In recognition of this development, keynotes, presentations and workshops during the 6th International Climate Service Conference in Pune (India) focused on latest evidence of practice-oriented research of climate services and societal contexts surrounding decision maker’s needs. In his opening words, NOAA senior scientist Dr. Rodger Pulwarty acknowledged the need of more user driven climate service research, which recognizes the networks in which decision makers operate and what their agendas of co-producing climate services are. He also stressed the importance of understanding culturally contested values of decision makers and whether or not they see themselves being able to make change. Despite recent efforts of climate service providers, Pulwarty said that the architecture of user needs and participation are still insufficiently handled and further action oriented research needed.
In her presentation, "Formation of climate services in complex embedded cultural systems" Dr. Grit Martinez reported about Ecologic Institutes latest empirical findings on practical oriented useful climate services. The presentation illustrated dimensions of vulnerability and resilience to changing climatic conditions of decision makers in four regions in Europe: The Dutch city of Nijmegen, the Northern German coastal area of Kiel Bay, the Mediterranean region of Valencian, and the French West Indies islands Guadeloupe and Martinique. She illustrated concrete aspects of climate change risk management in relation to local and regional contexts.

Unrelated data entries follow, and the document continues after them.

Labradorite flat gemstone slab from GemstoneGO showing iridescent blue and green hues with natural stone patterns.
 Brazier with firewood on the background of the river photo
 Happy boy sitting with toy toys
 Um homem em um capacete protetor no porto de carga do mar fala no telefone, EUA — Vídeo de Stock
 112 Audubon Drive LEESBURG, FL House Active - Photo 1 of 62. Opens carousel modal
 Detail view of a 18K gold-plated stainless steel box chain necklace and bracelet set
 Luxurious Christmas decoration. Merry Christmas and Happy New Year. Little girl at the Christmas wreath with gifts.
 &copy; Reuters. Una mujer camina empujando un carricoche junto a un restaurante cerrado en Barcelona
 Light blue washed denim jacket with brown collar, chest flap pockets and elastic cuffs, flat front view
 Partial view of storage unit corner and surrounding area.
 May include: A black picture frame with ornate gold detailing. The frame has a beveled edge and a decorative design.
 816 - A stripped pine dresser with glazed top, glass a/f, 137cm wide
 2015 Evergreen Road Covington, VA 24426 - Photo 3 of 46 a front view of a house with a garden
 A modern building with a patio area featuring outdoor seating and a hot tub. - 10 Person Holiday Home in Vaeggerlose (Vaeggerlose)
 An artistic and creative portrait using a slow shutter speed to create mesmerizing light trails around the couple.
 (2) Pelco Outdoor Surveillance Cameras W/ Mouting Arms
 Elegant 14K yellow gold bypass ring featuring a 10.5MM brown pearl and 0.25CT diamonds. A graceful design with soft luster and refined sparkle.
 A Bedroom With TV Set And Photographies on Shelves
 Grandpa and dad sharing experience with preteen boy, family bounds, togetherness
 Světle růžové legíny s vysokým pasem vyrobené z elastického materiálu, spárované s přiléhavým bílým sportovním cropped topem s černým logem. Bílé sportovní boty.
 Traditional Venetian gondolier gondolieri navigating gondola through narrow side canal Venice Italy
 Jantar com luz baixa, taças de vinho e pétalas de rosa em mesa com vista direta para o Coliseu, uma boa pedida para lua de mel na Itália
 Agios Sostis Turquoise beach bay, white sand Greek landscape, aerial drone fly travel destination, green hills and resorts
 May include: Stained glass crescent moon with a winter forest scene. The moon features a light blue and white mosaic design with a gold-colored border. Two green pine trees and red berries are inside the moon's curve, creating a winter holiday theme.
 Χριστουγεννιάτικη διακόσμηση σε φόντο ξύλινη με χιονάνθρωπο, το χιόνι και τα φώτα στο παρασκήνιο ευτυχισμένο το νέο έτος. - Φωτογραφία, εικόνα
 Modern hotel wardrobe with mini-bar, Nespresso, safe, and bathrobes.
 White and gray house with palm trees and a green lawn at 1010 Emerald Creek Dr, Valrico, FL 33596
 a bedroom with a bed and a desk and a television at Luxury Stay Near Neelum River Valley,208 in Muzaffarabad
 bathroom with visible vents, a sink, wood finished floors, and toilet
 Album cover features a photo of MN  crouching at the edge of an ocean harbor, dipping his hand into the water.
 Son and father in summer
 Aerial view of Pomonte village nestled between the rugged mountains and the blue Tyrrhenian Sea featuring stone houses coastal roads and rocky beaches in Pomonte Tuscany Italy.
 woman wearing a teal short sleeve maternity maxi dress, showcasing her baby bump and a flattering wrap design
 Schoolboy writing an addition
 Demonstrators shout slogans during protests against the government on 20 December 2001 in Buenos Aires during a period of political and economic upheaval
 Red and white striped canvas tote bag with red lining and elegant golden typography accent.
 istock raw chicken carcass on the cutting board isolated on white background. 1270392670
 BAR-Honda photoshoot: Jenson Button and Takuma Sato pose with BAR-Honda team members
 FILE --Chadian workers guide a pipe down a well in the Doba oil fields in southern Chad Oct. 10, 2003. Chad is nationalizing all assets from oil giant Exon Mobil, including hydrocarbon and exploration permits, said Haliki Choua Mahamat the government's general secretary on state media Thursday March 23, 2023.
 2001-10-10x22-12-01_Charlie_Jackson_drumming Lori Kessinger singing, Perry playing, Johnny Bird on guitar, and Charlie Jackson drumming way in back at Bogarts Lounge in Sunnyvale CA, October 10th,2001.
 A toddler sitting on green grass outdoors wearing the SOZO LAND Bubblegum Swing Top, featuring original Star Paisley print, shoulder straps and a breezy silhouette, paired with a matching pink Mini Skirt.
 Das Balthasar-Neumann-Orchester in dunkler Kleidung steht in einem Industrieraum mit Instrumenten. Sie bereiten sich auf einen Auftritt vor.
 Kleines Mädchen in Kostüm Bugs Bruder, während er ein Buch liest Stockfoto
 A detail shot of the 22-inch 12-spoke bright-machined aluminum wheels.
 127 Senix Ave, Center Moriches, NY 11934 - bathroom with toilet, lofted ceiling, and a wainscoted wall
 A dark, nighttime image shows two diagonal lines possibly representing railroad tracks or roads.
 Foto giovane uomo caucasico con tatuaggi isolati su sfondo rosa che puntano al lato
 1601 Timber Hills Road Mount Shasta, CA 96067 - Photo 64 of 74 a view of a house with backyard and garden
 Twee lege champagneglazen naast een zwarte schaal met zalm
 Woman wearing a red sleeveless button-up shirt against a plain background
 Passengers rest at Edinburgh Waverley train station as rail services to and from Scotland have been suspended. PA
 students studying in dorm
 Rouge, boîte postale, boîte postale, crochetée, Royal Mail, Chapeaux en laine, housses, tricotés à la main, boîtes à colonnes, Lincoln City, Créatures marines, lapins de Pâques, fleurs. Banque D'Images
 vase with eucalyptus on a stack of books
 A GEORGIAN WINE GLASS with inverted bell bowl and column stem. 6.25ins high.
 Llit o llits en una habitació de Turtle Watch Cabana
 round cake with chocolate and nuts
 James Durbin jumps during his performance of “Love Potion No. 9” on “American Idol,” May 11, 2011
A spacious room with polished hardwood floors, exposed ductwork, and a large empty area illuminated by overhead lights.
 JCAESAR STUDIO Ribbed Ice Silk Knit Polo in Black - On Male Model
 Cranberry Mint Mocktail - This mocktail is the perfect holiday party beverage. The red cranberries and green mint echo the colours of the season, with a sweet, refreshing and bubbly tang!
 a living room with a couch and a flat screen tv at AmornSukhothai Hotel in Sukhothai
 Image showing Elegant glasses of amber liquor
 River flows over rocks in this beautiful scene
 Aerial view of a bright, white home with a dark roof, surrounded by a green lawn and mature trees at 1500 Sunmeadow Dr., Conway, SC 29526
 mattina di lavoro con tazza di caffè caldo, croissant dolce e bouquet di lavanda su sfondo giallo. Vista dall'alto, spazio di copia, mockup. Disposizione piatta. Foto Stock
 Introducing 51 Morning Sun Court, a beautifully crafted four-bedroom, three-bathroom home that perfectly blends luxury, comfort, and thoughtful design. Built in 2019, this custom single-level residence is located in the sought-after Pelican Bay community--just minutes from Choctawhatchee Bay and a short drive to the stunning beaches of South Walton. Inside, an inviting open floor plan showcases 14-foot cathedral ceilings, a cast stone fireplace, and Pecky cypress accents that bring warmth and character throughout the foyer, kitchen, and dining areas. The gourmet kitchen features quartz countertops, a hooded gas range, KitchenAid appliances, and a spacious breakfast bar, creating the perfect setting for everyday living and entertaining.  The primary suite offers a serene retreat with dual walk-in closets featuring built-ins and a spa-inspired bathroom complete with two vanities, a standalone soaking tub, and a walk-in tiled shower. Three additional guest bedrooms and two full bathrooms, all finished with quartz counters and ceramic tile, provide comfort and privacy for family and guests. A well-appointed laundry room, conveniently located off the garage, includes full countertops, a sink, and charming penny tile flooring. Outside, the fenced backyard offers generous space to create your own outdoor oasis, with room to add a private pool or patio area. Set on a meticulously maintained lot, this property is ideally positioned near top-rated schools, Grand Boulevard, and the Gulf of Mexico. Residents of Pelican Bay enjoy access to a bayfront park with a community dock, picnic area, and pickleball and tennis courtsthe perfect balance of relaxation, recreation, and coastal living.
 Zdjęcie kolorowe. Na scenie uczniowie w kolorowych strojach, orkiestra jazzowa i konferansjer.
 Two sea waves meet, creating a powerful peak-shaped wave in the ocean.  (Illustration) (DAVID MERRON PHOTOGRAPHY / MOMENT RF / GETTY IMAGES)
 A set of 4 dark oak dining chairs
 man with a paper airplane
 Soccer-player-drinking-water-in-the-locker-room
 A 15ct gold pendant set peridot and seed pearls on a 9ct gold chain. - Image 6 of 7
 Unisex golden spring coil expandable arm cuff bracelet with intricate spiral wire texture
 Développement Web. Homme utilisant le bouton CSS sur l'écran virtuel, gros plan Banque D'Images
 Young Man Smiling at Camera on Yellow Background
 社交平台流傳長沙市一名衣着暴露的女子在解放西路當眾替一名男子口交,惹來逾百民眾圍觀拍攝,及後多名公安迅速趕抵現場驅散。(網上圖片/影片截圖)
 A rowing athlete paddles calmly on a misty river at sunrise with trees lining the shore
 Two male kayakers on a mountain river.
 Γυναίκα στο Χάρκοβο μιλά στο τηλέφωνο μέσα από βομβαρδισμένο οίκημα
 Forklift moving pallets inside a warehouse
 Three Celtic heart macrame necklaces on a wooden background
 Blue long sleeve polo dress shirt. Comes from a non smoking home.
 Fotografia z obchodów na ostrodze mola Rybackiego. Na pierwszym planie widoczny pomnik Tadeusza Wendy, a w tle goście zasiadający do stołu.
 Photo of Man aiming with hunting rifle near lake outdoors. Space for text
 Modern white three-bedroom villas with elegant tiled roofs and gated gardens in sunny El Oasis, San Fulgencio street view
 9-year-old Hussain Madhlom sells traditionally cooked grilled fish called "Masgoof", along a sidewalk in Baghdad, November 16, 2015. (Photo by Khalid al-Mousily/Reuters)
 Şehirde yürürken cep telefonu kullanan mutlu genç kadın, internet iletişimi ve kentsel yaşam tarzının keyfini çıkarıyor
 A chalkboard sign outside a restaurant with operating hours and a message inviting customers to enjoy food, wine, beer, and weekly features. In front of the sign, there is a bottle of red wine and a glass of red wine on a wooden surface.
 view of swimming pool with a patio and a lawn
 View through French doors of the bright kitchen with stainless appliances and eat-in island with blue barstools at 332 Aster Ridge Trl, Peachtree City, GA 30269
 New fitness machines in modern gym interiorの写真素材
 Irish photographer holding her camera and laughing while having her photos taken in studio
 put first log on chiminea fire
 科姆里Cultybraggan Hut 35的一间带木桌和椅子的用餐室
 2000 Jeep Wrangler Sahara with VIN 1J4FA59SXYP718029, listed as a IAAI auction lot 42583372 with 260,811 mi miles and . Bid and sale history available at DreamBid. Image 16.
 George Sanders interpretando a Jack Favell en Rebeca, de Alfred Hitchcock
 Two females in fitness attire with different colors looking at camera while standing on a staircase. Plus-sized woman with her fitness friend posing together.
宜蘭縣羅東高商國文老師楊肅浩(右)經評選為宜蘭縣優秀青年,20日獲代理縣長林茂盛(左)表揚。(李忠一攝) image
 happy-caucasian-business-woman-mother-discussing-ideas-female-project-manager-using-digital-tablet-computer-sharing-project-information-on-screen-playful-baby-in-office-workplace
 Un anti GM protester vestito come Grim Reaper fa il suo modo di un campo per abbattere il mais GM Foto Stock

Martinez concluded that decision makers needs and actions hinge on the values formed by specific social and spatial contexts underlying their perspectives and that climate related information and climate services must reflect such specific socio-cultural conditions in their respective ecological environments in order of being sustainable and influential to the regions path. She concluded that subjective capacities formed by cultural identities, knowledge, trust, and informal aspects coupled with a variety of factors of socio-economic and political texture are important to understand for the design of climate services. The INNOVA project will run for another six months and will resume with the delivery of specific climate services configuration to the decision makers needs in the above-mentioned regions.